## [Assignment]
Which lines of the records contain "with"? Collect every one of them.

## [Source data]
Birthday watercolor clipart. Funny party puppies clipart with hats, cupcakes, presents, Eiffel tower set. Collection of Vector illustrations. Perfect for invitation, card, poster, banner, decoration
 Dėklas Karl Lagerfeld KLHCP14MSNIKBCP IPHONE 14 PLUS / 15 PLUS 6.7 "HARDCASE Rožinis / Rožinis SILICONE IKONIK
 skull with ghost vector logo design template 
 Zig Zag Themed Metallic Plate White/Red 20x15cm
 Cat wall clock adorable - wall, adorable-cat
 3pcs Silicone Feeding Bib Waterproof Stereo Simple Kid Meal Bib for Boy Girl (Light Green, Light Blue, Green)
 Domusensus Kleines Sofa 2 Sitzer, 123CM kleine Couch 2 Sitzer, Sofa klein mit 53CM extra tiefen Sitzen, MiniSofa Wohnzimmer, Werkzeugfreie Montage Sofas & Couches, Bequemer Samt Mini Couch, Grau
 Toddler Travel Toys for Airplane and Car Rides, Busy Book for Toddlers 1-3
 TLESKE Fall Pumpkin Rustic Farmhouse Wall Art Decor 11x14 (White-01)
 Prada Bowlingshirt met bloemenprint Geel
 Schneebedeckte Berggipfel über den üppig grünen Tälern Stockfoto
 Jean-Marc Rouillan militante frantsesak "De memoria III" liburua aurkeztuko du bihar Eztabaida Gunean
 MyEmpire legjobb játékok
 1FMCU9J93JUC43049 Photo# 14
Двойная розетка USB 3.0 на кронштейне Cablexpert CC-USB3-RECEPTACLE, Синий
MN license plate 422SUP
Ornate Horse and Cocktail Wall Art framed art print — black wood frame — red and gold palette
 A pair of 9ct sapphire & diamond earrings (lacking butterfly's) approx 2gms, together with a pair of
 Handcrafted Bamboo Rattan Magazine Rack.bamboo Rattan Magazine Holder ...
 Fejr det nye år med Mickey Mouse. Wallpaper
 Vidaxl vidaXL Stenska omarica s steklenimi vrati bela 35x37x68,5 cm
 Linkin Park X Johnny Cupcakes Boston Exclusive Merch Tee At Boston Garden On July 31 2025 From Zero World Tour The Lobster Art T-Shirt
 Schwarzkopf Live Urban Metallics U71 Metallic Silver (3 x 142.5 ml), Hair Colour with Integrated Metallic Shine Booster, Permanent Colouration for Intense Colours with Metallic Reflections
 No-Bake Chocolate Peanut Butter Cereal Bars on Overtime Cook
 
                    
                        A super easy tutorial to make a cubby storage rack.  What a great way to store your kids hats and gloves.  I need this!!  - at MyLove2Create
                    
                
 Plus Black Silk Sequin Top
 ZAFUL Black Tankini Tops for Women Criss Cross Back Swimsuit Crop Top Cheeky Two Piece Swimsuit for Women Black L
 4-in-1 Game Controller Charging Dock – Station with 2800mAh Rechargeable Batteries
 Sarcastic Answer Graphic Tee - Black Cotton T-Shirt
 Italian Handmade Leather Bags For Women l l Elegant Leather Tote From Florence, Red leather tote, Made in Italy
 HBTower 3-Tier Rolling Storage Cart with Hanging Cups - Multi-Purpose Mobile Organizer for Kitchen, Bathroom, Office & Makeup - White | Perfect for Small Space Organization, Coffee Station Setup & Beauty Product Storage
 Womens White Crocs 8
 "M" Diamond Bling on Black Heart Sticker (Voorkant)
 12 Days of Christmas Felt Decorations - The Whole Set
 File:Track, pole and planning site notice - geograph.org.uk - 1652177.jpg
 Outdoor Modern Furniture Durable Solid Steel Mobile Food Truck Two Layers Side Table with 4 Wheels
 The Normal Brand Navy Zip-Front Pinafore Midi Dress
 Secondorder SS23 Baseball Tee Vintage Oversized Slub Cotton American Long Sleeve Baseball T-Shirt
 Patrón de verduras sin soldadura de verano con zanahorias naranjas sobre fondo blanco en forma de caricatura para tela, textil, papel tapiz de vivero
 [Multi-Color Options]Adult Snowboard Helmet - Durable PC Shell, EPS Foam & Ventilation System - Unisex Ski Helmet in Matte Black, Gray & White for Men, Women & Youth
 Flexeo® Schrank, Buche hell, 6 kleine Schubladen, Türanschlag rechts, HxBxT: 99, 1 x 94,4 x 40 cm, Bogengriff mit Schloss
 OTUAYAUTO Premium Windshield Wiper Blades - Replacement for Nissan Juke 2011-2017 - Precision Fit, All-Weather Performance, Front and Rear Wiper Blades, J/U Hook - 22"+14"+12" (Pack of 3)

## [Result of this task]
Birthday watercolor clipart. Funny party puppies clipart with hats, cupcakes, presents, Eiffel tower set. Collection of Vector illustrations. Perfect for invitation, card, poster, banner, decoration
 skull with ghost vector logo design template 
 A pair of 9ct sapphire & diamond earrings (lacking butterfly's) approx 2gms, together with a pair of
 Schwarzkopf Live Urban Metallics U71 Metallic Silver (3 x 142.5 ml), Hair Colour with Integrated Metallic Shine Booster, Permanent Colouration for Intense Colours with Metallic Reflections
 4-in-1 Game Controller Charging Dock – Station with 2800mAh Rechargeable Batteries
 HBTower 3-Tier Rolling Storage Cart with Hanging Cups - Multi-Purpose Mobile Organizer for Kitchen, Bathroom, Office & Makeup - White | Perfect for Small Space Organization, Coffee Station Setup & Beauty Product Storage
 Outdoor Modern Furniture Durable Solid Steel Mobile Food Truck Two Layers Side Table with 4 Wheels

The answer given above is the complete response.